21 June 2021

Been there, done that: In conversation with Director, Danny Malone

What better way to find out about the pros and cons, highs and lows of being a director than to ask someone who has done it all? So, we did.

Danny Malone is a Chartered Accountant and has been in financial services for over 30 years as Finance Director, CEO and, more recently, an independent non-executive director. He has worked for banks, bank subsidiaries and under private equity in the UK and European lending space (loans, mortgages and cards). In 2006, Danny founded Everyday Loans as a new start-up with £30 million backing from private equity. The company was acquired by Secure Trust Bank in 2012 and then on-sold to NSF PLC in 2016 for £235 million (enterprise value). Since 2017, Danny has worked in various roles as interim CEO and is currently an independent non-executive director.

Danny kindly agreed to give us an insight into what being a director actually entails, the risks and challenges that directors face and what it takes to be an effective director.

1. What do you look for in a new director?

First, I consider why we’re appointing a new director. This is probably because there’s a gap in the board’s experience or because we want to cover a perceived weakness in the executive or to address a specific issue. A new director has to have to the relevant experience to meet that requirement.

A director also needs to be able to make decisions.

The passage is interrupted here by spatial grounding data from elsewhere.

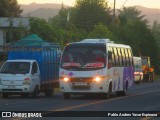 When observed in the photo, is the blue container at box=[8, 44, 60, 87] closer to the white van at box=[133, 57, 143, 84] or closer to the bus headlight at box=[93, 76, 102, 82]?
the bus headlight at box=[93, 76, 102, 82]

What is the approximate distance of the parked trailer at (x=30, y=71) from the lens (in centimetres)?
3397

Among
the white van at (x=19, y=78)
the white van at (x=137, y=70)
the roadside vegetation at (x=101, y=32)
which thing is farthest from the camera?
the roadside vegetation at (x=101, y=32)

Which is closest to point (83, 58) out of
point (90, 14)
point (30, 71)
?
point (30, 71)

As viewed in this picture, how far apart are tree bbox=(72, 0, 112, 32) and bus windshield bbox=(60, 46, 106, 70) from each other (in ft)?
305

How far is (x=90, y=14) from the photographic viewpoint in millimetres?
130625

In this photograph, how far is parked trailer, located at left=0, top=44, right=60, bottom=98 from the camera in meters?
34.0

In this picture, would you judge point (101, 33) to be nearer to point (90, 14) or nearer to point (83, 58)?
point (90, 14)

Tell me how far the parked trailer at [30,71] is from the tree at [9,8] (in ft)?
196

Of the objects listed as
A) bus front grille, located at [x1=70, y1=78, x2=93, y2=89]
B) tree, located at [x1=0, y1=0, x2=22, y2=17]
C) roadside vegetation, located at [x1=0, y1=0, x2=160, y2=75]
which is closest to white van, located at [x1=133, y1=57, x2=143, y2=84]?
roadside vegetation, located at [x1=0, y1=0, x2=160, y2=75]

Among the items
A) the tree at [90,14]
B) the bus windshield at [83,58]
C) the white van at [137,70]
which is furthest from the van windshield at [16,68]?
the tree at [90,14]

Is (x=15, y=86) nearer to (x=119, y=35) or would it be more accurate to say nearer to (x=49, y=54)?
(x=49, y=54)

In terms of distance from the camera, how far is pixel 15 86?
33.9 m

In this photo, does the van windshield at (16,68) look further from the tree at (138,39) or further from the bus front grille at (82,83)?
the tree at (138,39)

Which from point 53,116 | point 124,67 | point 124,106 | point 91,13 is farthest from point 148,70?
point 91,13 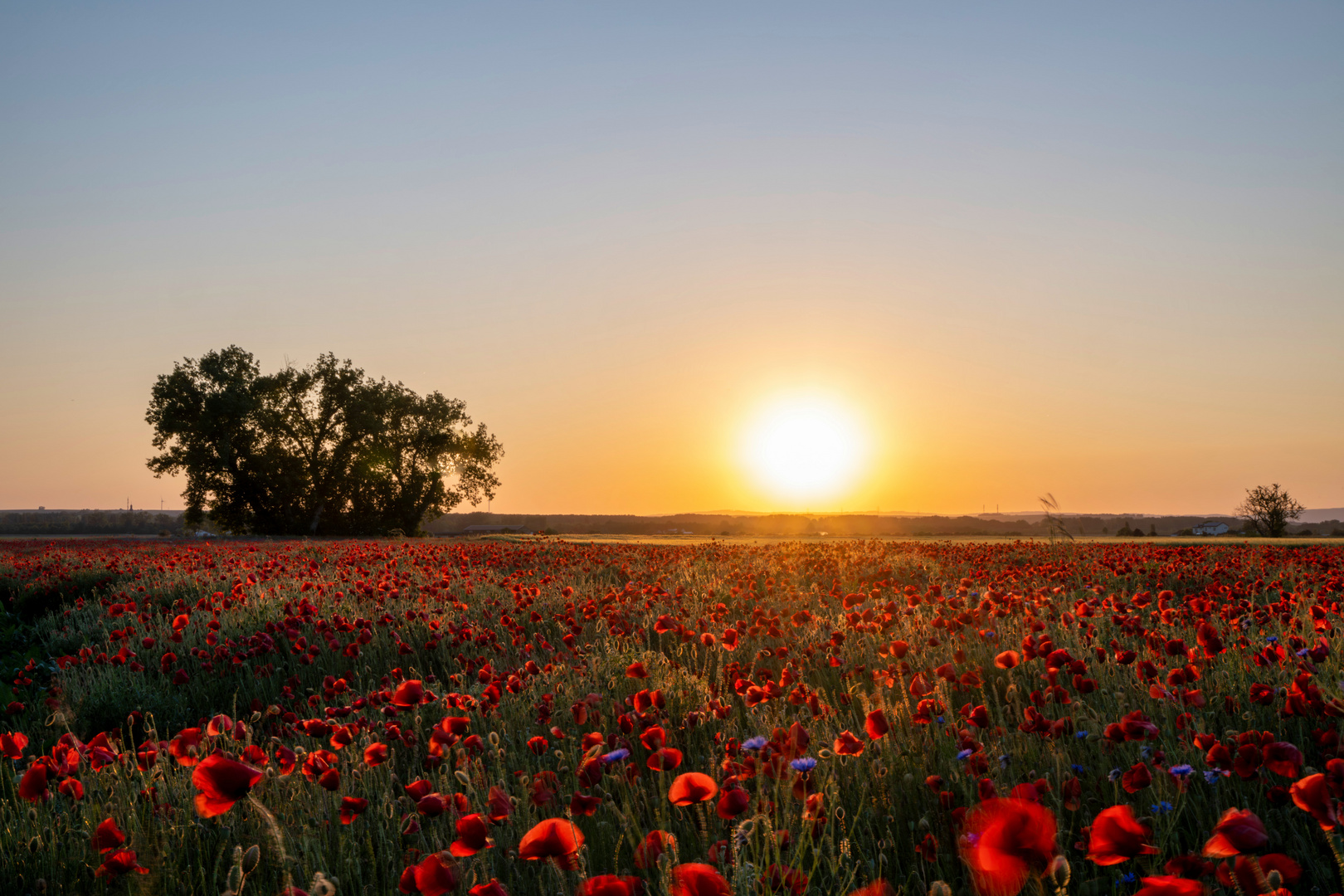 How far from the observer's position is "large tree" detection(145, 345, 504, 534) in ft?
152

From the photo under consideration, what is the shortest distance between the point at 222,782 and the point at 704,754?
259 cm

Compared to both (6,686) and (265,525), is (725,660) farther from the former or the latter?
(265,525)

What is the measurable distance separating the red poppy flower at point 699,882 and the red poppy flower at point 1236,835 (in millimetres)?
938

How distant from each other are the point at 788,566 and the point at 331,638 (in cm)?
720

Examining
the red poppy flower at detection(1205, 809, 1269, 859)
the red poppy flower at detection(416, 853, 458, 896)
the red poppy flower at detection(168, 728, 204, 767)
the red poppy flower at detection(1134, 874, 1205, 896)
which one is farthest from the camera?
the red poppy flower at detection(168, 728, 204, 767)

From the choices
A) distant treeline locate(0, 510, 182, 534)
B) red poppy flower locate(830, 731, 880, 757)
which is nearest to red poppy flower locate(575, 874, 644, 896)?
red poppy flower locate(830, 731, 880, 757)

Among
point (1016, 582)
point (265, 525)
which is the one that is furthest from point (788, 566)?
point (265, 525)

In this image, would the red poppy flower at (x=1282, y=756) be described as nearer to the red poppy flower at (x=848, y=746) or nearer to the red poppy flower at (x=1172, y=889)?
the red poppy flower at (x=848, y=746)

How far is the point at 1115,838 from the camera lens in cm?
Answer: 151

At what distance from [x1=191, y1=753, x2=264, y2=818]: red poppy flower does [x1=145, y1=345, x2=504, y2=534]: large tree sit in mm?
49487

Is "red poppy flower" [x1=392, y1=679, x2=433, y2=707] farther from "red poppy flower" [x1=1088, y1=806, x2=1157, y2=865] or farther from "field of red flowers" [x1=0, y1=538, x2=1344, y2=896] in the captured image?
"red poppy flower" [x1=1088, y1=806, x2=1157, y2=865]

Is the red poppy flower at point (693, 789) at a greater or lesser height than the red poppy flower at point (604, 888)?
greater

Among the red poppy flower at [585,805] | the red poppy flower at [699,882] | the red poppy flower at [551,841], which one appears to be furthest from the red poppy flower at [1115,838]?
the red poppy flower at [585,805]

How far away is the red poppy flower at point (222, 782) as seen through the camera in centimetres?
188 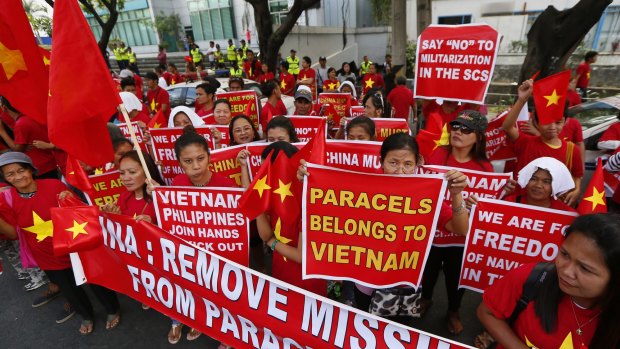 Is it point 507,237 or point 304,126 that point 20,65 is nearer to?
point 304,126

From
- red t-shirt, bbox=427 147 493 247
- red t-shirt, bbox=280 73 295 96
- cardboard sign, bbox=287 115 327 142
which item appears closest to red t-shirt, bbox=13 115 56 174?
cardboard sign, bbox=287 115 327 142

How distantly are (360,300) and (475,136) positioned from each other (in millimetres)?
1669

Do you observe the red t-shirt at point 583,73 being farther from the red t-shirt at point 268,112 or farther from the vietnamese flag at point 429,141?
the red t-shirt at point 268,112

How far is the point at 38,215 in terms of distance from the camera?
3049 mm

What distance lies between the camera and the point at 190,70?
14.6 m

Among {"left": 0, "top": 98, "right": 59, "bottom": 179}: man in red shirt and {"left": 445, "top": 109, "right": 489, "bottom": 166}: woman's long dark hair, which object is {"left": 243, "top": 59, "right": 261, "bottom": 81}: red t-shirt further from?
{"left": 445, "top": 109, "right": 489, "bottom": 166}: woman's long dark hair

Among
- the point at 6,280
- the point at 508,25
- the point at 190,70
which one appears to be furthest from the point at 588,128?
the point at 508,25

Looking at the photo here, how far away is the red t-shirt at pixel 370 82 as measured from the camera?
9.12 meters

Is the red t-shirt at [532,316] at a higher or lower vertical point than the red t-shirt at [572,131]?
lower

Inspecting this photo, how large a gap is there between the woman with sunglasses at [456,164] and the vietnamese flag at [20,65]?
325 cm

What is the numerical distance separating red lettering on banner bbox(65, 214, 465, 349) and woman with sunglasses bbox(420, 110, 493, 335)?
116cm

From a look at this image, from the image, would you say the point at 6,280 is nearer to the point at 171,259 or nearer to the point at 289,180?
the point at 171,259

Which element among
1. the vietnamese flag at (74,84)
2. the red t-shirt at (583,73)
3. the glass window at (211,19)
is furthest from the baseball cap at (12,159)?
the glass window at (211,19)

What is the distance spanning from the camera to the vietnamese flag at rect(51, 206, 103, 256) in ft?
8.43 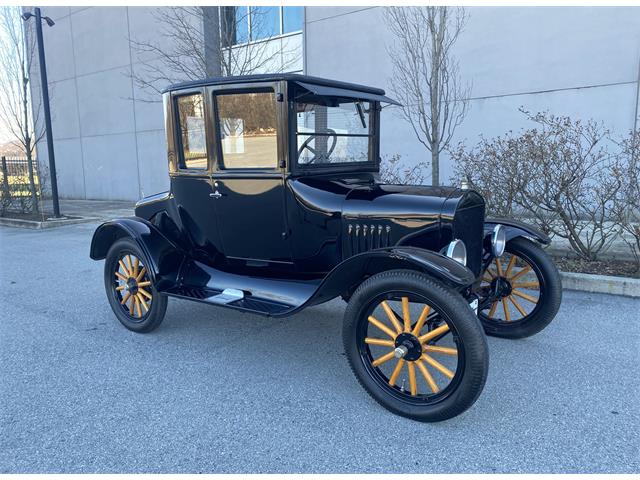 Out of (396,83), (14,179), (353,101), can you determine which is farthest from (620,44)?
(14,179)

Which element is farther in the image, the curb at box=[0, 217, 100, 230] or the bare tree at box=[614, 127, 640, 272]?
the curb at box=[0, 217, 100, 230]

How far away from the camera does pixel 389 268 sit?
9.60ft

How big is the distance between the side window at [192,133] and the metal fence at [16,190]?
987 cm

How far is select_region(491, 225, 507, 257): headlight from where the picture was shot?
10.6 feet

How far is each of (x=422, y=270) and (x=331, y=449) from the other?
1090mm

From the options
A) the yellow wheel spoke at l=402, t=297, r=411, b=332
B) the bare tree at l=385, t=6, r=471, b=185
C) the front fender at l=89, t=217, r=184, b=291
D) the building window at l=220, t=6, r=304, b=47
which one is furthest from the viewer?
the building window at l=220, t=6, r=304, b=47

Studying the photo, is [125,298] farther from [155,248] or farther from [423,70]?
[423,70]

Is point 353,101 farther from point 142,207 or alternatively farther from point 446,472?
point 446,472

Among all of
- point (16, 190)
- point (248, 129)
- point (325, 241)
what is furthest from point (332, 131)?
point (16, 190)

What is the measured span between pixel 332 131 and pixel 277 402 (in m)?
1.95

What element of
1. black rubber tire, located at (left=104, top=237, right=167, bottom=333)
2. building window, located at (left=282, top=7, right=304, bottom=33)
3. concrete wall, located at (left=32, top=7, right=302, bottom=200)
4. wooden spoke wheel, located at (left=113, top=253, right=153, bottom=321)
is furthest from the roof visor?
concrete wall, located at (left=32, top=7, right=302, bottom=200)

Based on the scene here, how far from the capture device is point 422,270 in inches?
108

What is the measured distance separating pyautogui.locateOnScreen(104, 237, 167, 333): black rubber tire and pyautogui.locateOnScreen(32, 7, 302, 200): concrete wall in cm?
1016

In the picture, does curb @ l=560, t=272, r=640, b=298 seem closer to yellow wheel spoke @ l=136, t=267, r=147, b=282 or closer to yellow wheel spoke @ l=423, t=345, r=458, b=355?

If you can’t make a decision quickly, you probably shouldn’t be a director in the first place. That said, directors need good inter-personal skills. You have to be able to get on with others and listen to their opinions; dominating others reduces diversity of thought and minimises options.

I also want to see at least one character reference for a potential new board member. Basically, if in doubt, don’t hire them.

2. What are your top tips for running an effective board meeting?

Having an agenda with reasonable timings and sticking to it is key. Occasionally, exceptional circumstances may arise but generally, don’t go off on a tangent. One way to help with this is to circulate papers well in advance of the meeting so everyone has a reasonable chance to read them properly. Don’t be tempted to read the papers out in the meeting itself; instead, discuss key points where necessary and ask for comments. Any minor points, such as typos, grammar and other minor corrections can be dealt with outside of the meeting.

I also rotate the order in which I ask people to speak so that everyone has a chance to opine and tend to speak last myself so as not to sway others. To make sure that everyone gets heard, asking quieter board members to speak first also works well.

3. You’ve had experience as both an executive and non-executive director. What do you consider to be the key similarities and differences between the two roles?

As an experienced executive, you generally know the detail already and are simply trying to get on with the job with as little “interference” as possible, whereas less experienced executives may be looking for more help and direction in relation to past issues.

In contrast, non-executive directors are unlikely to know the minutiae and probably don’t want to; they should be focusing on the issues, rather than the details, although at times, it may become necessary for them to understand the intricacies. Generally though, non-execs need to ensure that all issues raised are properly addressed before closing and are more reliant on third parties, such as compliance, the audit teams and so on, to check the actual detail.

4. How has the legal risk landscape changed since you first became a director? In your opinion, is this change for the better or not?

It has definitely become more risky to be a director. Whereas in the past, you could only really be liable by commission, now you can be liable by omission and penalties are both more likely and more severe than they used to be. A director has to ensure that the whole risk landscape has been assessed and kept up-to-date.

5. Have investors’ expectations changed at all in terms of the role of the directors and the board?

Nor particularly in my view. Investors are generally more interested in risk / reward of proposition rather than more detailed risks within the business. Their concern over risk will be in relation to the big picture issues, i.e. “what could shut the business down and cause the write-off of my whole investment?”.

6. In your opinion, what, currently, are the main challenges for a director?

For an executive, I would say it goes back to legal risk; in particular, the scale and complexity of the risk universe and staying on top of it.

For a non-executive director, it’s probably having sufficient high-calibre executives that you can rely on so that you don’t end up trying to run the business (which is their job) and the availability of a talent pipeline for the future.

7. What do you wish you’d been told before you became a director?

I think I would have benefited from someone explaining to me the rationale and need for having non-executive and shareholder directors.

I became a finance director relatively young and couldn’t really grasp why non-execs or shareholder directors needed to be so involved. Life was busy and I was often thinking “Why can’t they just leave us to get on with it and stop wasting our time?”.